In einer Ansprache vor der päpstlichen Akademie der Wissenschaften hatte sich Pius XII. bereits 1941 zur Frage der Abstammung des Menschen geäußert. Er schloss dabei die Möglichkeit aus, dass der Mensch sich von einem niederen Lebewesen her entwickelt habe.
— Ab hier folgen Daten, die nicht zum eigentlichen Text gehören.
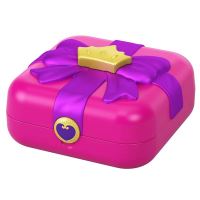 Polly Pocket Pidi svět v krabičce - Sídlo princezny Lil Mattel GDK80 (1)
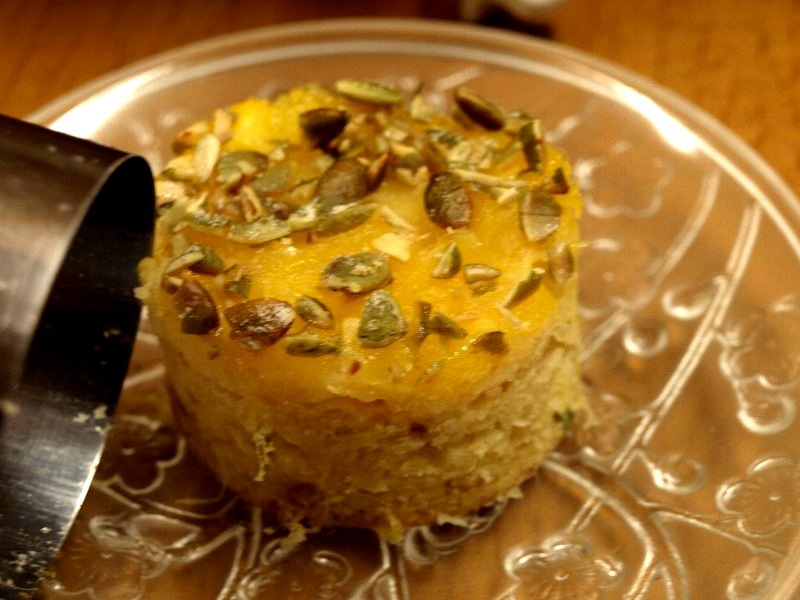☆ハロウィン風ケーキ☆_c0092953_18575714.jpg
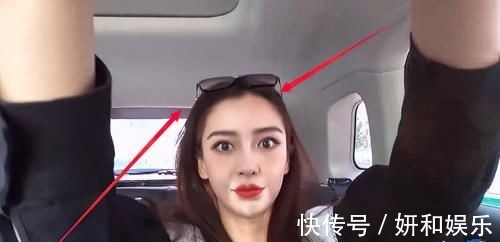 Baby在《跑男》中摘下假发，真实发量暴露无遗，一旁的蔡徐坤都看傻了眼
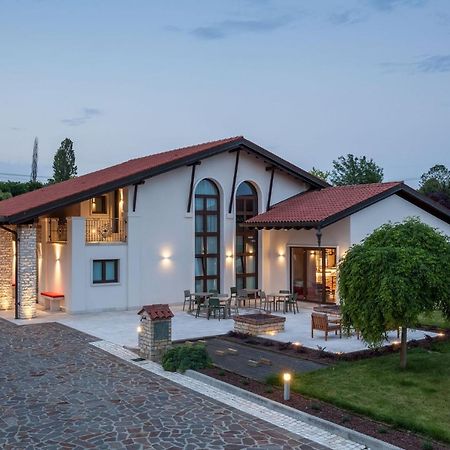 Il Filo Rosso B&B 阿巴诺泰尔梅 外观 照片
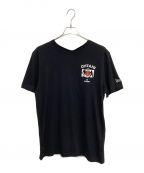 New Eraニューエラ）の古着「Tシャツ」｜ブラック
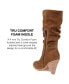 Women's Syrinn Cone Heel Dress Boots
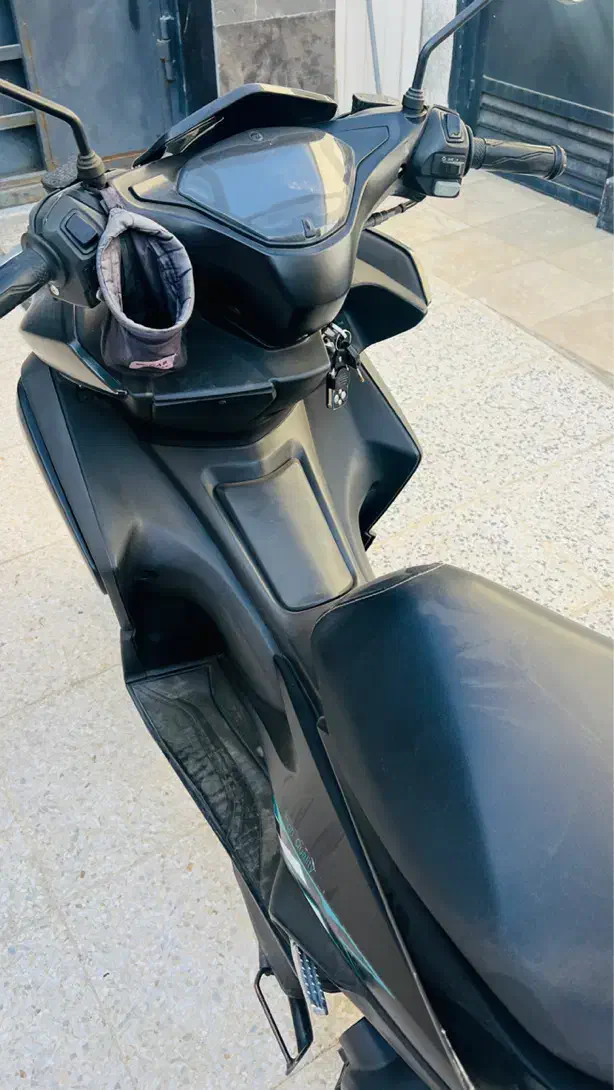 موتور ایروکس مدل ۱۴۰۱|موتورسیکلت|چهارباغ, |دیوار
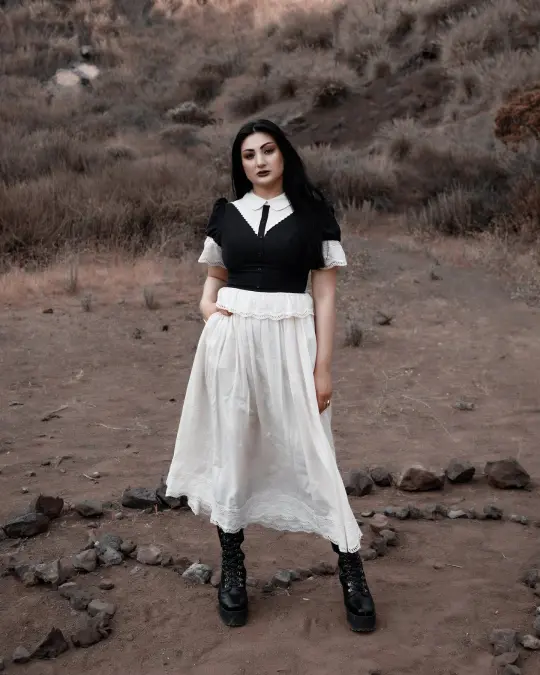 Mistglen Dress
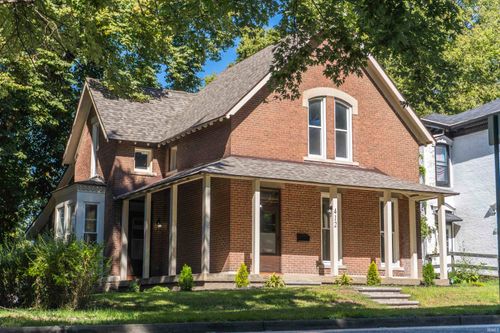 412 Perrin Avenue, Lafayette, IN, 47904 | Card Image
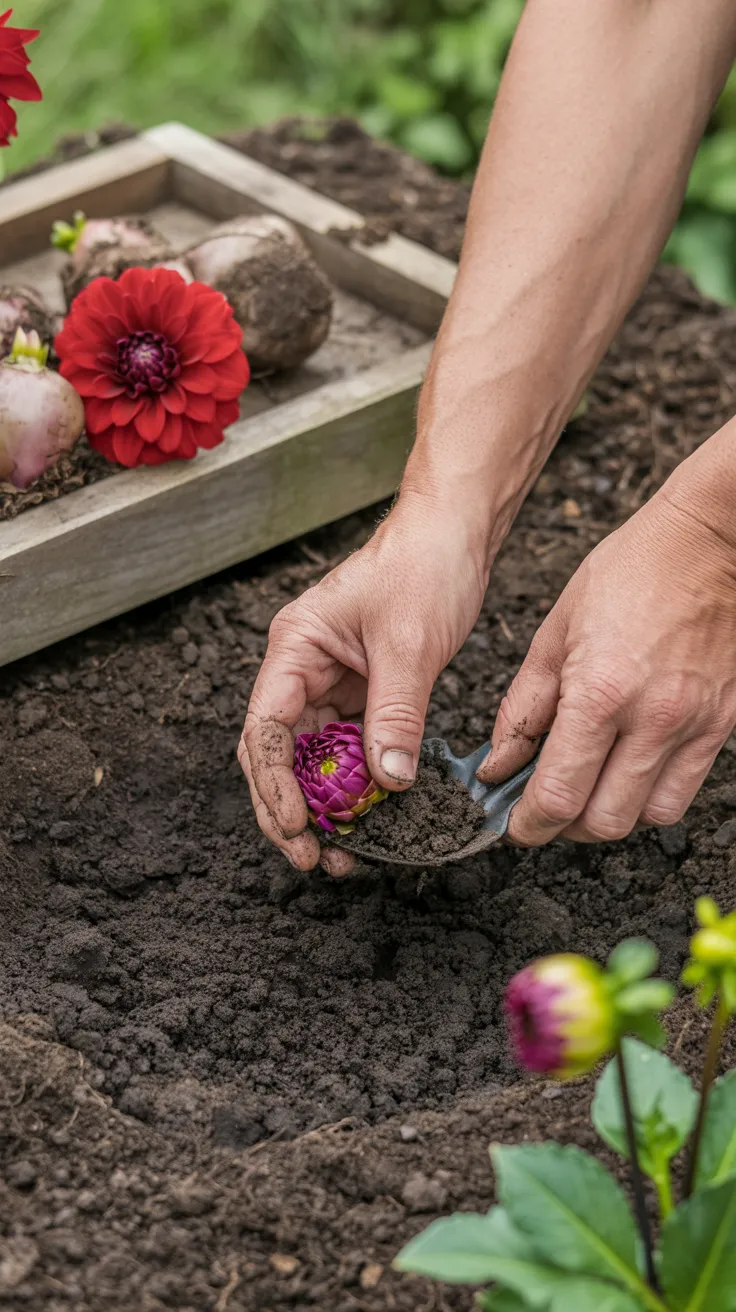 Dahlia Flower Garden: Stunning Tips For Vibrant Blooms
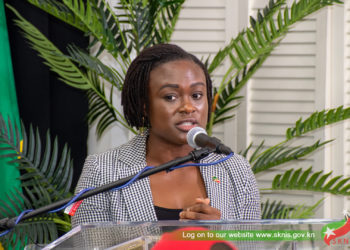 SENATOR ISALEAN PHILLIP CALLS FOR NATIONAL UNITY IN THE FIGHT AGAINST CRIME AND VIOLENCE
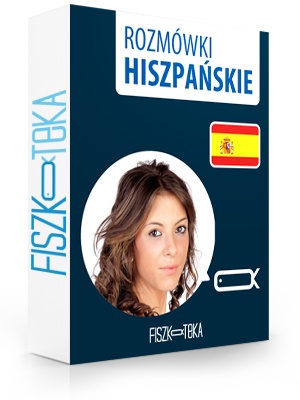 Rozmówki hiszpańskie. Dane osobowe cz. 1/3
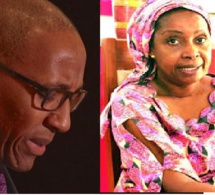 100 millions FCfa d'indemnisation: Aminata Diack traque le portefeuille d'Abdoul Mbaye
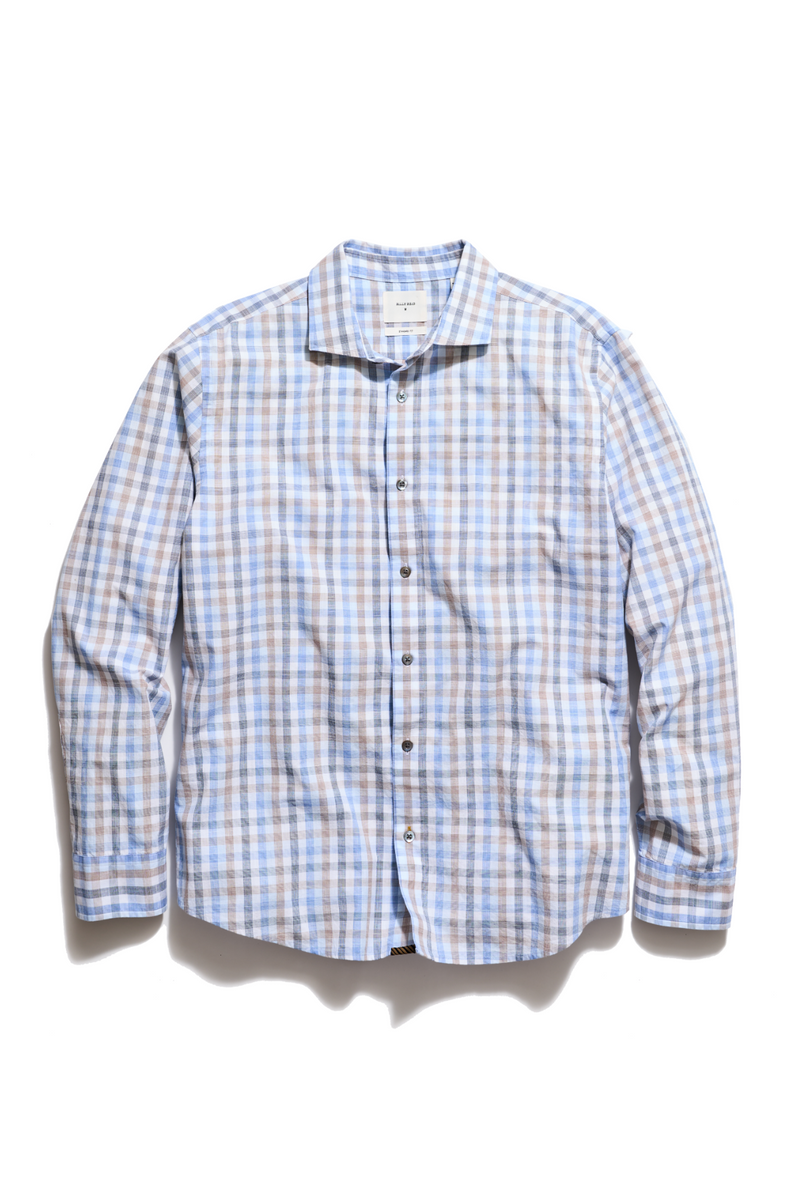 HUTCHESON TATTERSALL SPORT SHIRT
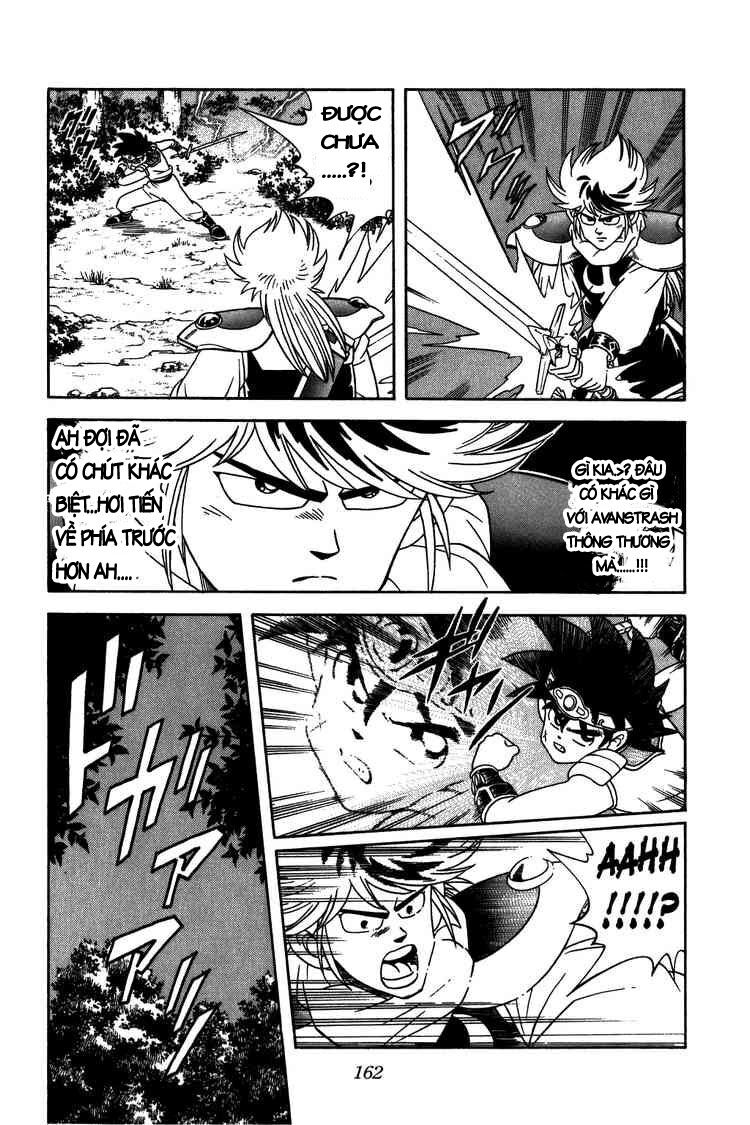 Dragon Quest - Dấu ấn rồng thiêng: Chapter 225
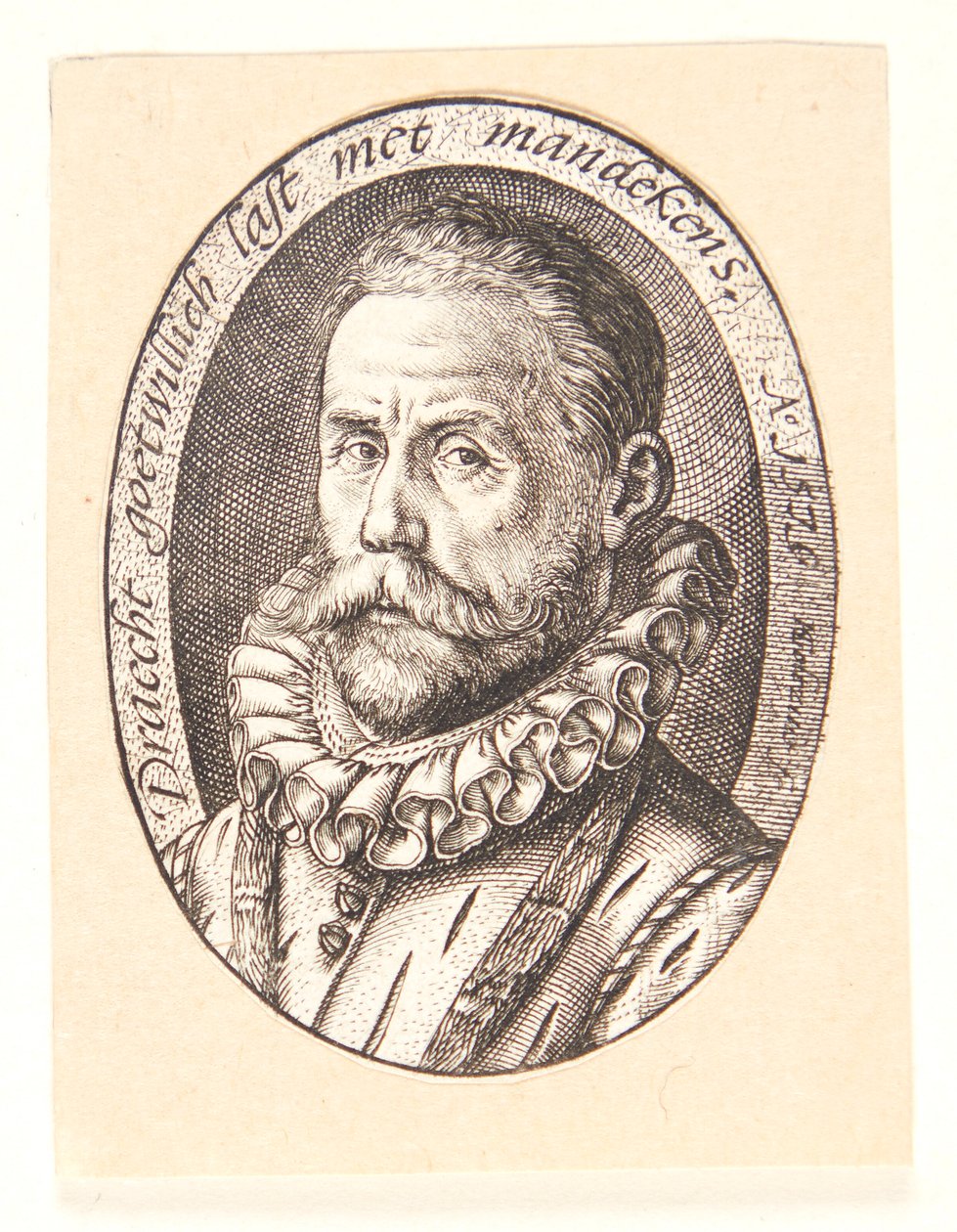 Adrian Manmaker alkotó: Hendrick Goltzius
Es bestehe zwar, so der Papst damals, durchaus Grund zu der Annahme, dass zwischen dem ersten Menschen und einem niederen Lebewesen eine physische Verbindung bestehe, aber dies könne keine Verbindung im Sinne einer direkten Abstammung sein.[59] Die Betonung des Papstes, dass es noch keine endgültigen Ergebnisse gebe, ließ Raum für die weitere Entwicklung des Schöpfungsverständnisses angesichts der modernen naturwissenschaftlichen Erkenntnisse.[60]
Dieser kurze Durchzug durch einige wichtige lehramtliche Aussagen in der Zeit nach der „darwinistischen Revolution“ macht vor allem eines deutlich: Die in weiten Teilen neuscholastisch geprägte Theologie des 19. und frühen 20. Jahrhunderts versuchte durch einen Rückgriff auf Vätertraditionen und Verlautbarungen früherer Konzilien, modernistische Fehlentwicklungen in Philosophie und Theologie zurückzuweisen, die klare katholische Lehre darzulegen und sich – wenigstens ansatzweise – vor den Herausforderungen einer sich wandelnden Welt dennoch nicht zu verschließen.[61] Viele dieser Aussagen haben bis heute nichts an Gültigkeit eingebüßt und sind unabdingbar für das Verständnis der gegenwärtigen Debatte um die Schöpfungstheologie. Deshalb schien es ratsam, diese Entwicklung den weiteren Ausführungen „vorzuschalten“.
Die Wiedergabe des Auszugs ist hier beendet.